Alors que le Président français François Hollande arrivait en Arabie saoudite pour une visite de deux jours, son homologue libanais Michel Slaïman annonçait, lors d’une déclaration solennelle retransmise à la télévision au soir du 29/12, une aide saoudienne de $3md au Liban destinée à l’Armée libanaise. En remerciant “de tout cœur” le Roi Abdullah Ben Abdulaziz pour son aide à l’Armée nationale, le Président libanais précisait que cette aide financera des programmes français au profit de l’Institution militaire. Il s’agit d’une opération tripartite franco-saoudo-libanaise destinée à fournir une aide consistante à l’Armée libanaise, qui profitera aux industriels français et qui consolidera surtout l’influence de la France au Liban ou l’influence franco-saoudienne pour être plus exact.

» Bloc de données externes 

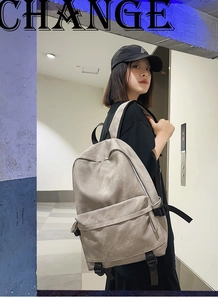 Close-up of lightweight grey student backpack with large pockets in modern hallway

L’Armée libanaise est engagée sur de multiples fronts, aux frontières et à l’intérieur. Elle est confrontée à des menaces permanentes, multiformes et grandissantes : la stabilisation de la frontière sud avec Israël, en collaboration avec la FINUL, la surveillance et le contrôle d’une frontière poreuse avec la Syrie, les tensions communautaires grandissantes, le terrorisme islamique, la criminalité organisée, etc. Sur le plan politique, sa doctrine est mise sous épreuve par la présence d’une force paramilitaire, puissante et autonome: le Hezbollah, une organisation, aujourd’hui engagée en Syrie, mais qui n’exclut pas, à terme, de contribuer à la refonte de la stratégie de défense nationale. Pour le moment, le Hezbollah, chiite et pro-iranien, reste en marge, pratiquement, de la réflexion sur l’élaboration de la nouvelle stratégie de défense, ses priorités immédiates et les enjeux géopolitiques régionaux limitant sa marge de manœuvre à ce niveau.
C’est dans ce contexte que l’Arabie saoudite, ennemi déclaré du Hezbollah, décide son aide au profit de l’Armée libanaise, ce qui risque d’alimenter certaines susceptibilités chez les chefs de l’organisation chiite. Il n’empêche que le partage des rôles actuel, de facto, entre l’Armée et le Hezbollah, et une série d’autres facteurs joueront en faveur d’un accueil favorable d’une telle aide franco-saoudienne au profit de l’Armée. Cette aide devra donc faire l’unanimité auprès des Libanais, même si, toutes les parties ne la perçoivent pas forcément sous le même angle. En résumé, une telle aide, qui doit s’ajouter à d’autres programmes d’aides en cours ou projetés, contribuera à renforcer l’Armée nationale, face au Hezbollah pour le camp pro-saoudien, face aux courants takfiristes pour le camp chiite. Pour ceux qui rejettent cette réflexion binaire, ces aides aideront à renforcer la sécurité et la souveraineté du pays, et à replacer l’Armée nationale officielle au cœur de la stratégie de défense.
Dans son discours télévisé, le Président Slaïman, ancien commandant de l’Armée libanaise qui a su ménager les intérêts de l’Institution militaire sous l’occupation syrienne et lors de la montée en puissance du Hezbollah, est revenu sur le plan quinquennal établi par le commandement d’Armée avec un budget de $1,6md. Selon lui, ce programme peut bénéficier, outre de budgets propres à l’Etat, d’aides extérieures collectives, comme celles attendues à l’occasion de la réunion qui se tiendra en mars 2014 à Rome pour coordonner de telles aides, ou d’aides émanant de pays amis (on pense aux Italiens, aux Britanniques et aux Américains qui annoncent l’arrivée, le 30/12, d’un nouveau lot d’aides à l’Armée). Le Président n’a pas manqué d’évoquer de possibles initiatives émanant de la société civile libanaise.